The Challenge of Dealing with Evil

I first learned the saying as a boy.  As a young adult I saw the images of three monkeys carved over a door at a shrine in Nikko, Japan, which gave it language: “hear no evil, see no evil, speak no evil”.

We are seeing evil march through Ukraine and onto our screens and into our psyches; and if we turn on the sound we hear the explosions and the sounds of suffering, and some Russian leaders speaking what amounts to be evil rhetoric.  I want to turn it all off, be free of it, and pretend – for a moment anyway, that it is not happening.

But it is.  And it continues.  And what I have learned over the years is that evil can beget evil.  It spreads.  It can become contagious.

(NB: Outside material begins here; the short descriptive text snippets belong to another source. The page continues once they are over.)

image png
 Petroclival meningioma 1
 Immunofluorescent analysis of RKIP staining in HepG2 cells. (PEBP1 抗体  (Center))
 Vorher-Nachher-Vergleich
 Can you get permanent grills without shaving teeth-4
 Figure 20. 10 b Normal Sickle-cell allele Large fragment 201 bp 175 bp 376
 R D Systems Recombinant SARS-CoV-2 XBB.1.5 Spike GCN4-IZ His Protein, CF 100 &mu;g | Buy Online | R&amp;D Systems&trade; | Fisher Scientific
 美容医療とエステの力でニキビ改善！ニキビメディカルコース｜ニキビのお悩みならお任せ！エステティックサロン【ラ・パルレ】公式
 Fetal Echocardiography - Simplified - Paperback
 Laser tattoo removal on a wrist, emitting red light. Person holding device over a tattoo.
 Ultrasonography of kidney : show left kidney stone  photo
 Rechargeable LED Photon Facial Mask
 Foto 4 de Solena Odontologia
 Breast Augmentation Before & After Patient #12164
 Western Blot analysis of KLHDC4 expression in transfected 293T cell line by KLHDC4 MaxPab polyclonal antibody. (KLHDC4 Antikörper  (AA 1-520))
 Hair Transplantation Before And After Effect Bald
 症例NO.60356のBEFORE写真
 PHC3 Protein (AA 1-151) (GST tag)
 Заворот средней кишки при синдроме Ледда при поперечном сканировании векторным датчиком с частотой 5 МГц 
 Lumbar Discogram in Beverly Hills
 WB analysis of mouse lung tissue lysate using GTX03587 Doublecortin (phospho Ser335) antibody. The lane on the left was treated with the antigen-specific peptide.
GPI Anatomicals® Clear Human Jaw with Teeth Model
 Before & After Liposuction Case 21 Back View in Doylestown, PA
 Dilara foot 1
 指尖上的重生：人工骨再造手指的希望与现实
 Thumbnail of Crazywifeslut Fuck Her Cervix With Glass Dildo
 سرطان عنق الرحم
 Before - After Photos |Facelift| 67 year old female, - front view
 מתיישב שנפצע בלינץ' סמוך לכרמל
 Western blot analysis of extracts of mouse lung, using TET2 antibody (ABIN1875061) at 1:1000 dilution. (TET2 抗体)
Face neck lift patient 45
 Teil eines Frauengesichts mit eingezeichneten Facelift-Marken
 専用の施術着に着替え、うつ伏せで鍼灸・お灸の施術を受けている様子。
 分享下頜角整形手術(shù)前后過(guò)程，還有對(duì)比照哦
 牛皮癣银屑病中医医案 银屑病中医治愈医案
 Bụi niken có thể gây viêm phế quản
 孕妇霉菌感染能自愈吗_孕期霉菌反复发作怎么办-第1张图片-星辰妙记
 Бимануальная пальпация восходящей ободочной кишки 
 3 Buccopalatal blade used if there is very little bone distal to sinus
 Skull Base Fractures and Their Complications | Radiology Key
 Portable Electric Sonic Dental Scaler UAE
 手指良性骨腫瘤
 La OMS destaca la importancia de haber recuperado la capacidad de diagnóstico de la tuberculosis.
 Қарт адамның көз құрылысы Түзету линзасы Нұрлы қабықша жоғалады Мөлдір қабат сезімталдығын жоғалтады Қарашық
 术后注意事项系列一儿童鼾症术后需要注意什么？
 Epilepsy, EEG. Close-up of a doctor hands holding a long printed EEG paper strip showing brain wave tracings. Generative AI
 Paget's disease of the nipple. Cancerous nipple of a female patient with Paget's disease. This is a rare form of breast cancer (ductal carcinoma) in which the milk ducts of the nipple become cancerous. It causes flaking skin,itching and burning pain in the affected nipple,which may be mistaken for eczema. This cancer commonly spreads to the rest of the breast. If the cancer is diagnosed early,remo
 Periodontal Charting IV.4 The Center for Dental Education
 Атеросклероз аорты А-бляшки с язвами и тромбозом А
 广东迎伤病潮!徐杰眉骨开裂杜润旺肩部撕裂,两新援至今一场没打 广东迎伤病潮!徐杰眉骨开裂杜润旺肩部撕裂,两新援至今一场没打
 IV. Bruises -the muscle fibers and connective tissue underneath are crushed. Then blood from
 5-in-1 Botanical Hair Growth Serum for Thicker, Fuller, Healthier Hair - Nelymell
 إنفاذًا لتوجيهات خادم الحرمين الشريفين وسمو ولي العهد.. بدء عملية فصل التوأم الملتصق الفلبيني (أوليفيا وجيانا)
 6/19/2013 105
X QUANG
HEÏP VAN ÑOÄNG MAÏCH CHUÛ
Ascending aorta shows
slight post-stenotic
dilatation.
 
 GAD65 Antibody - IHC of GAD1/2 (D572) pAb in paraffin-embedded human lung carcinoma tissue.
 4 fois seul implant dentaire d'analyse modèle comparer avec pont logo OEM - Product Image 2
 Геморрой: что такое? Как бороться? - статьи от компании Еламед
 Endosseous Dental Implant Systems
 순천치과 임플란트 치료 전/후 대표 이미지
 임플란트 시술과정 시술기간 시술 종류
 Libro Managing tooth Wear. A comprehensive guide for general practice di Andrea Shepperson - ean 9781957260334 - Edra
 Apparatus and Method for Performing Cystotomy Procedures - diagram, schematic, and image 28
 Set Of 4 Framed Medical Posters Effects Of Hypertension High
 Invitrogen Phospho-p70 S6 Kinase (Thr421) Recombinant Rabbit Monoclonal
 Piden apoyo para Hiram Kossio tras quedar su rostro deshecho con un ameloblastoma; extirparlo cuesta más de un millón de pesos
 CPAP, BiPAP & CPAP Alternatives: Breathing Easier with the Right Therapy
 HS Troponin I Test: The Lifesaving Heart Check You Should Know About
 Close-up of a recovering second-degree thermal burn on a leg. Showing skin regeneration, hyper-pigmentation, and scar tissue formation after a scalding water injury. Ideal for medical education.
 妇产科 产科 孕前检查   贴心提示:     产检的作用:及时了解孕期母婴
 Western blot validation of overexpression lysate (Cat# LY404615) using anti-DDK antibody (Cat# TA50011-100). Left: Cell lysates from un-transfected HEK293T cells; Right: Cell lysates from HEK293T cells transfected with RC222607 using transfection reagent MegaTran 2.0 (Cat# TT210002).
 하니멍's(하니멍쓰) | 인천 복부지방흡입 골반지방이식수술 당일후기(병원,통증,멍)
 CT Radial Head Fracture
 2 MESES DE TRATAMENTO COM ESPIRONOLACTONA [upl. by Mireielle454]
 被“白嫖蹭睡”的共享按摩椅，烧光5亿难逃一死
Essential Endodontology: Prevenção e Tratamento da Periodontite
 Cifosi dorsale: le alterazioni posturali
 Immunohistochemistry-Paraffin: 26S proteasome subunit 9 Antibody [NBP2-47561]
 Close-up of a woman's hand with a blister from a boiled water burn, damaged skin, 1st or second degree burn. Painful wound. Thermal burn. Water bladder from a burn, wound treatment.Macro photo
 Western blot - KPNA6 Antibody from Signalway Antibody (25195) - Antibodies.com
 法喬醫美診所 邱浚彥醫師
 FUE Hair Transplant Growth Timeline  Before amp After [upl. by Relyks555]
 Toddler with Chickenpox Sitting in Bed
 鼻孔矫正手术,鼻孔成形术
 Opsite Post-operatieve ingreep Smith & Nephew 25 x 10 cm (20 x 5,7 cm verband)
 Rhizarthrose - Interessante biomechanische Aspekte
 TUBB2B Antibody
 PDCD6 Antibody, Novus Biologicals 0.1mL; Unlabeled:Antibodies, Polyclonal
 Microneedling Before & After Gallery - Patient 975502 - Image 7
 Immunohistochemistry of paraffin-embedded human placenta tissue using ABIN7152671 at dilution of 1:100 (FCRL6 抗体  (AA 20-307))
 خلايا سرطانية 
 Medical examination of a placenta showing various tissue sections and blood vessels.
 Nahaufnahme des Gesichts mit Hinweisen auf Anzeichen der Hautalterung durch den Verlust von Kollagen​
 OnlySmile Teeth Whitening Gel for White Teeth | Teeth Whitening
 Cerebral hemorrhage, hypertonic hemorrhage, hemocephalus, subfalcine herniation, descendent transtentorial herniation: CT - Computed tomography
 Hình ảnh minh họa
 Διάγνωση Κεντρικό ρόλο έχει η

I have been in situations – I am thinking of some very tense meetings when people were on edge –scared and angry and aggressive all at the same time, and evil showed up.  It was like an invisible dust that somehow stuck to your skin.  I couldn’t get it off.  And it caused me to think and say things that were mildly – or wildly, out of character.  Nasty.  Vengeful.  It was tempting to point to one person in the room and say that that he or she was the source.  One person may have been the catalyst for an evil energy that is almost always lurking somewhere in the room.  And that person can bring it out into the open.

Vladimir Putin is bringing that evil onto the world stage.   Try as we might, we can’t escape it.   I don’t believe that anyone is inherently evil, but there are people who can easily consort with it – move in and out of it, and spread it around as a contagion.  To serve their own nefarious ends.  The Russian leader has spent a lifetime honing this perfidious skill.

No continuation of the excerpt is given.